Something we couldn't get hold of was preventing us from representing ourselves or defending our rights. Some dark force seemed to be imprisoning us metaphorically, while if we protested this state of affairs or campaigned to change our fate we were imprisoned in the literal dungeons of the Abu Zabal prison , or countless others police stations across the Arab world. Many of us are stuck in the much larger jail that is Gaza . Since Camp David , a very special breed of security states were built, all geared towards the direct containment of our aspirations for freedom. Our generation knew nothing other than these regimes, which to us appeared eternal, omniscient, and omnipotent.
Older generations knew things were not always this way. Sometimes they would discuss, in lowered voices, the days of Gamal Abdel Nasser when Egypt was at the helm of Arab resistance. In other moments, they would tell stories of the Palestinian revolution of the 60s and 70s. Yet, they too were bitterly disappointed at our present, feeling disempowered, unable to tell us what happened, and how it was lost.
To be sure, the past gave us a tradition of which we were proud. Yet, that tradition seemed ever so distant, its legacy of hope and achievement way beyond our reach.

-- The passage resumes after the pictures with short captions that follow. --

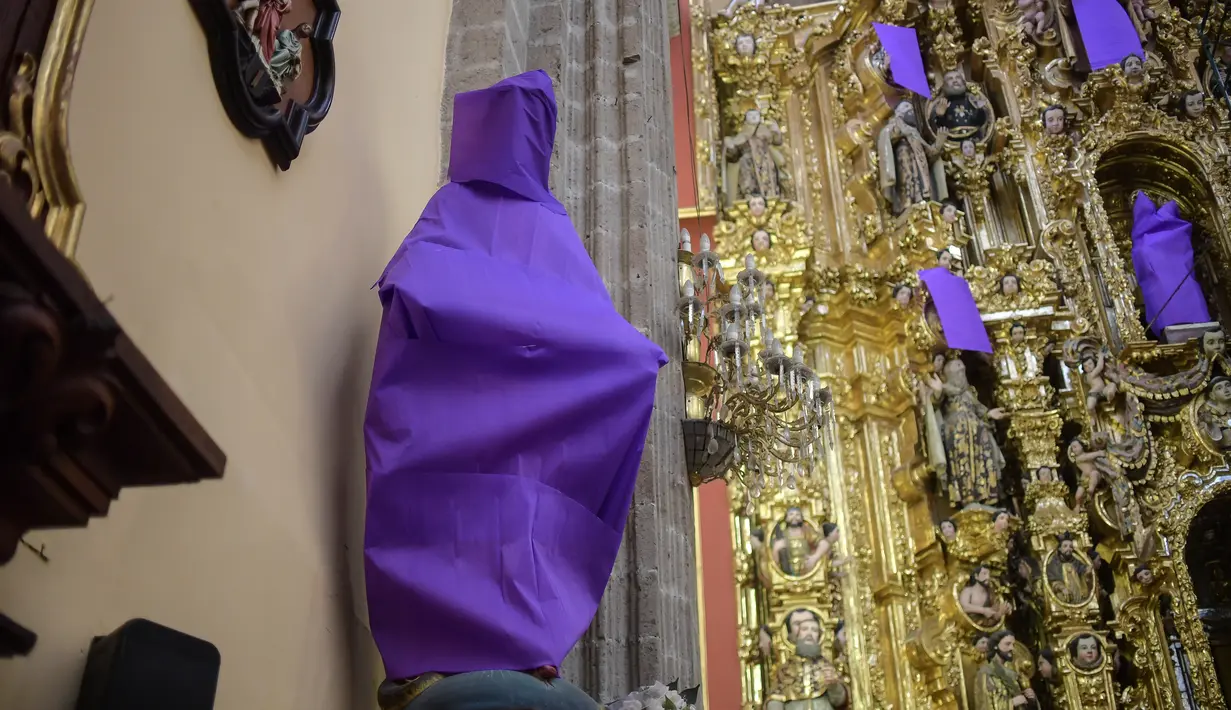 Patung perempuan ditutupi dengan kain ungu di Gereja De los Santos Cosme y Damian di Mexico City, pada Rabu (4/3/2020). Penutupan patung tersebut sebagai bentuk protes terhadap kekerasan gender. (Photo by Pedro PARDO / AFP)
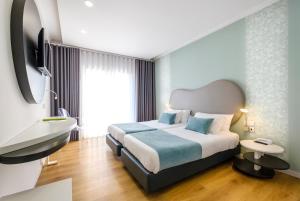 Postel nebo postele na pokoji v ubytování Hotel Rosa Mística by Umbral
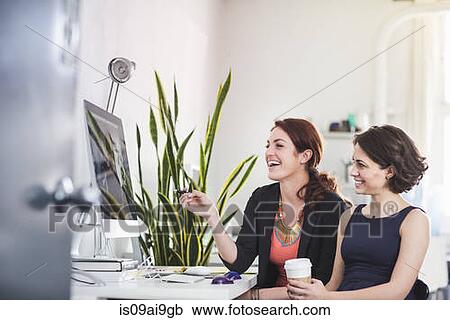 Young women chatting in front of computer View Large Photo Image Stock Image - Young women chatting in front of computer. Fotosearch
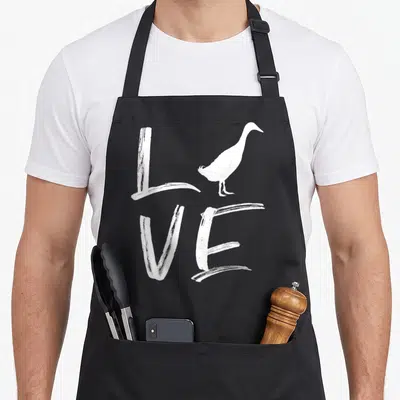 Tablier de cuisine noir avec le mot Love en lettres blanches et silhouette d'un canard coureur indien posé sur la lettre O.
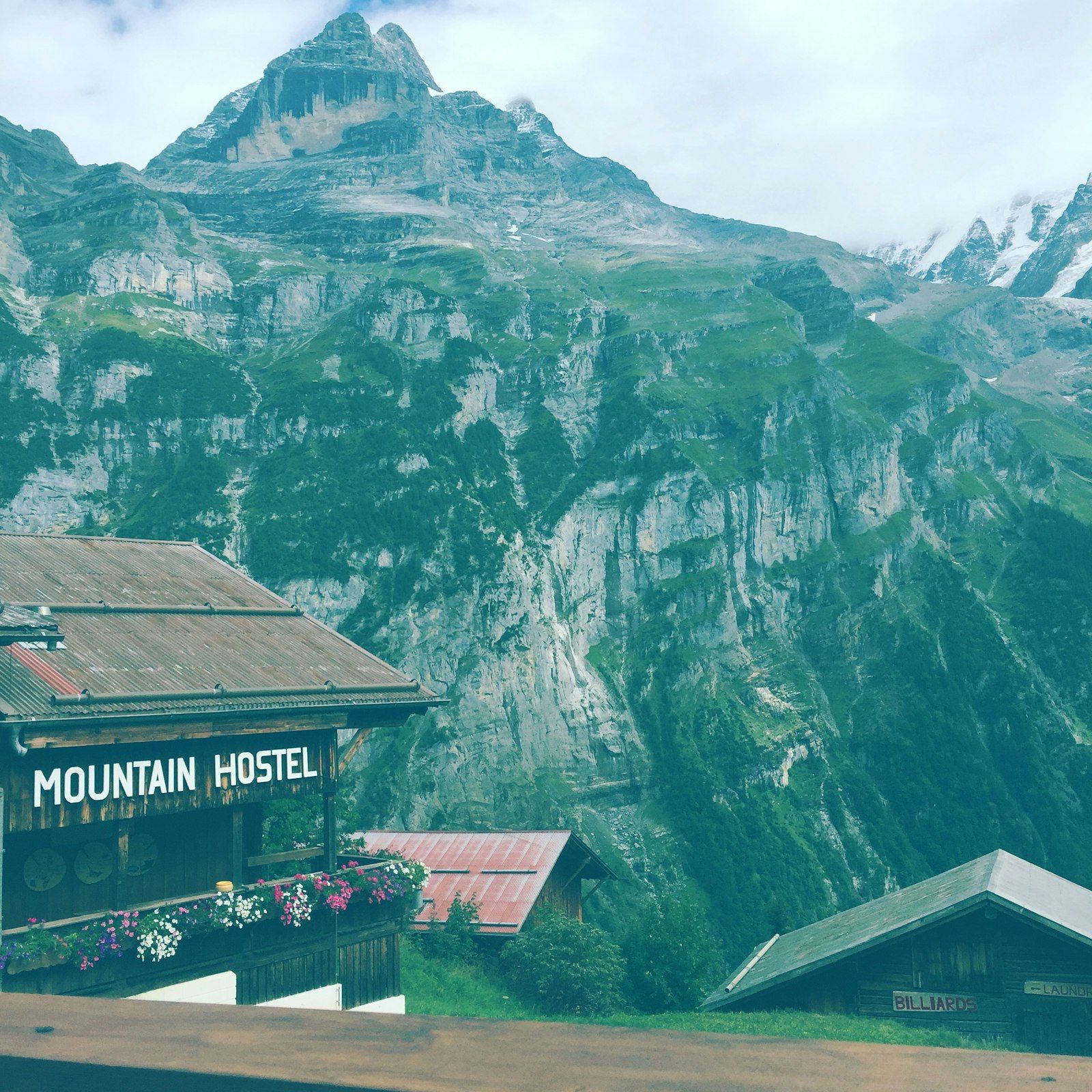 Sunrise Mountain Hostel — main building, mountain backdrop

How many of us watched films and documentaries about this era, reading old books, all the while dreaming of being young and Arab in that extraordinary hour when Egypt launched its epic confrontation with colonial rule in 1952; or when the Suez canal was nationalised and the British, French and Israeli aggression was defeated in 1956; or at that heady moment when Algeria celebrated independence in 1962; or when thousands joined the struggle for Palestinian liberation in the 60s and 70s?
The tradition to which those moments of hope belonged was so vivid in our imagination, but so far from our reality. For the past 30 years, those who fought for freedom were imprisoned, tortured, mocked or marginalised.
Those of us who campaigned for change were ignored and brutalised. Yet, by the grace of this Egyptian revolution and its Tunisian sister, the struggles of the last decades have been vindicated and the tradition has been reclaimed. Popular movements now will begin a new chapter of legitimacy and honour in a struggle for genuine representation. We are living a dream.
Against all the odds two tyrants have so far been overthrown; and Arab youth across the world are exchanging excited messages. "Mabrouk" (congratulations) is the word of the day and 11 February 2011 will be permanently marked as an anniversary of celebration and joy, a milestone in the international history of democracy.
This Arab quest for freedom and liberation has always had powerful opponents; our dreams are their nightmares. They know as well as we do that the Egyptian revolution represents not just the overthrow of the ancien regime , but the decolonisation of the country. The first condition of true representative democracy is independence. But this is not something that the American, Israeli and other foreign governments wish for Egypt or any other Arab country, in spite of the attempts at presenting the Egyptian military establishment as a free-standing independent actor.
Yet, it may still be possible to realise our dream if we can keep close to popular consensus, which in Egypt's case has growing influence within the lower ranks of the army, who are overwhelmingly patriotic. The challenge for this generation of Arab youth is not to lose the momentum: our generation has finally rediscovered the lost revolutionary heritage of our parents and grandparents. Today, hundreds of thousands are struggling for their freedom in Bahrain, Libya, Yemen, Iraq and Palestine. If the Tunisian and Egyptian revolutions have taught us anything, it is that we organise without respite until the rest of the Arab world is also free: we carry the dream.